Honours Half Way House work







These are some shots of my work hanging in Halfway House courtesy of Kristone, a fellow Honour's exhibiter and charcoal wielder.  The works themselves are drawings made of charcoal and other dry media on primed zinc plate.  I've burnished and filed down some edges so you can see the metal peeking through the metal primer and the gesso but its pretty subtle.  


The works were pretty hard to deal with due to their size, none of them bigger than 8cm or so, but it was the shelves that were truly torturous.  Finding right angled wood that I could purchase straight from a hardware store turned out to be much harder than anticipated.  So I'm very glad I got the time to run through it madly when setting up for the Jenny Birt exhibition two weeks prior.  

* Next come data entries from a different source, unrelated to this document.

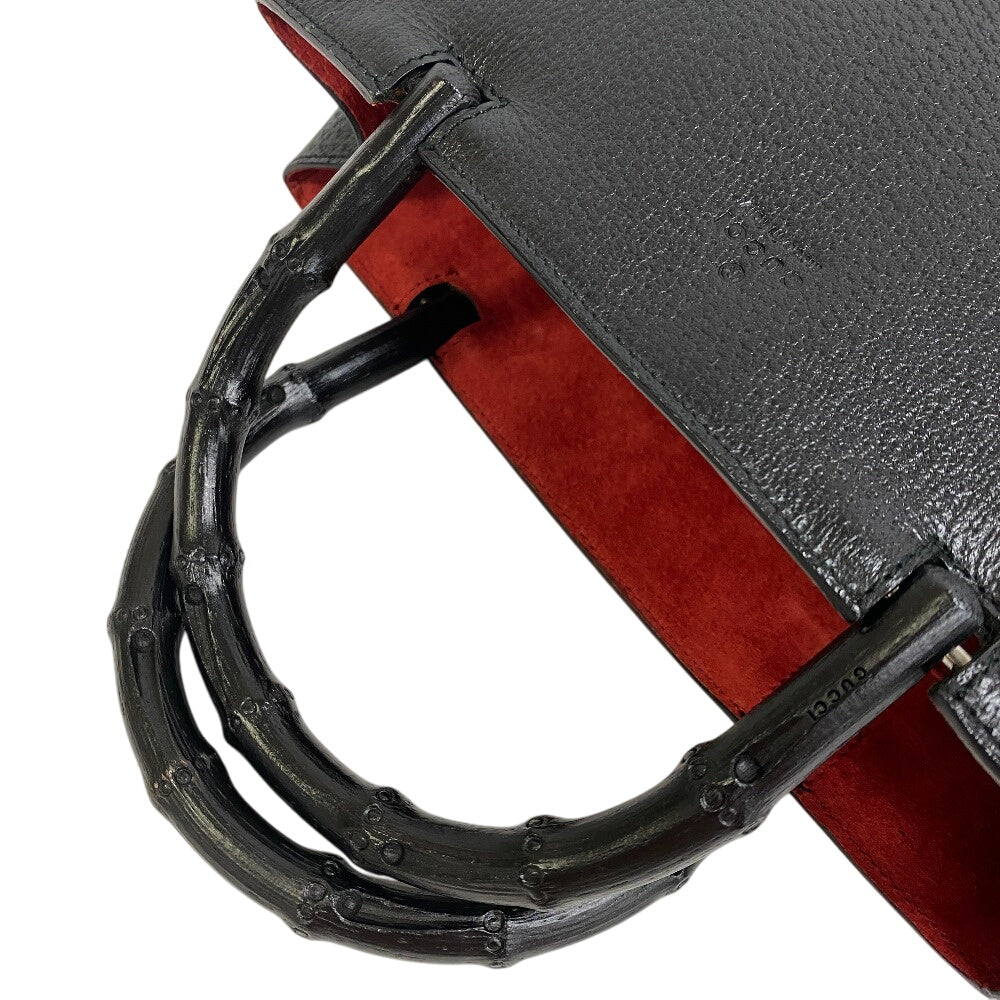 Gucci Bamboo Leather Black Handbag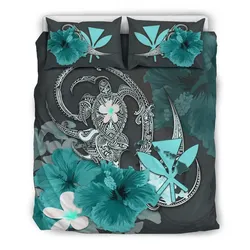 Kanaka Maoli (Hawaii) Bedding Set - Hibiscus Turtle Tribal Turquoise A02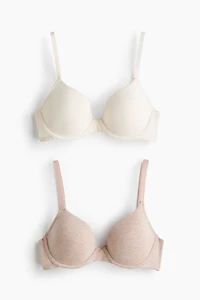 2-Pack Padded Underwire Cotton Bras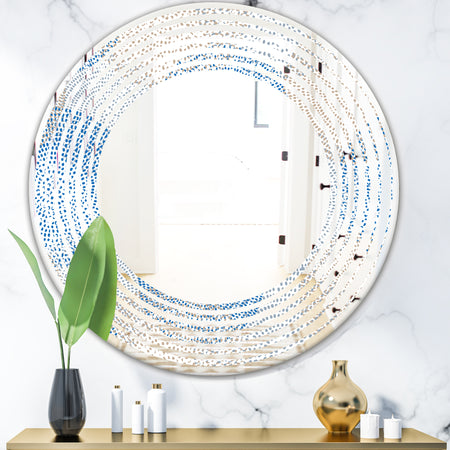 Abstract Retro Design I - Modern Round or Oval Wall Mirror - Wave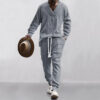 S47141136250d478bb5d0d4a2aa6471c3C.jpg 2025 Cross-border New Men's Casual Trousers V-Neck Versatile Jacquard Knitted Sweater Set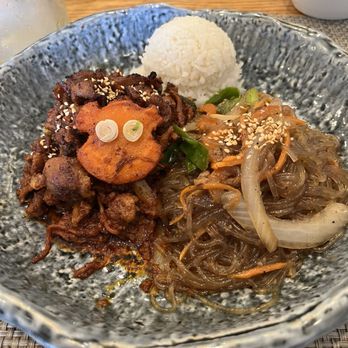 Bop Joa - Spicy Pork Bulgogi with Rice and Jap-Che Platter - Korean Near Me - Sachse, Texas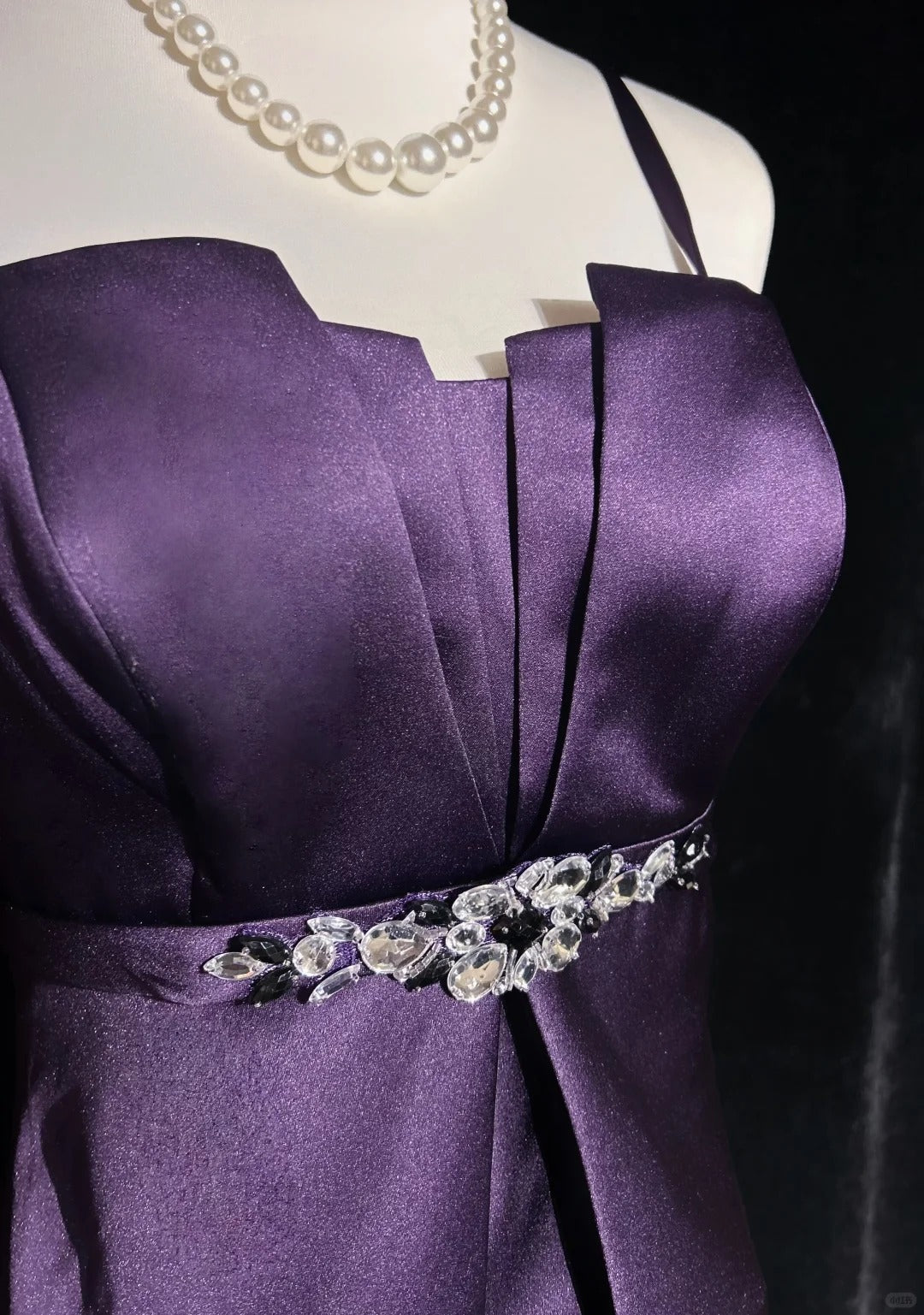 Purple Homecoming Dress Beaded Short Satin Prom Dress Party Dress nv4390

There are some things you can only learn about your work when installing it.  Since I needed to prime the metal, the zinc sheets could and often did pass as paper.  Me and my Honour's Supervisor agreed that if treated like an object viewers would realize it wasn't paper.  So putting it on a plinth or on a shelf rather than straight onto the wall was an important consideration on how the work would be received.  Unfortunately during the Jenny Birt show I realized my work looks terrible on a plinth.  Just one of those things which isn't obvious until its too late.  Thankfully though it left me with enough knowledge on how to tackle the hanging at the next show.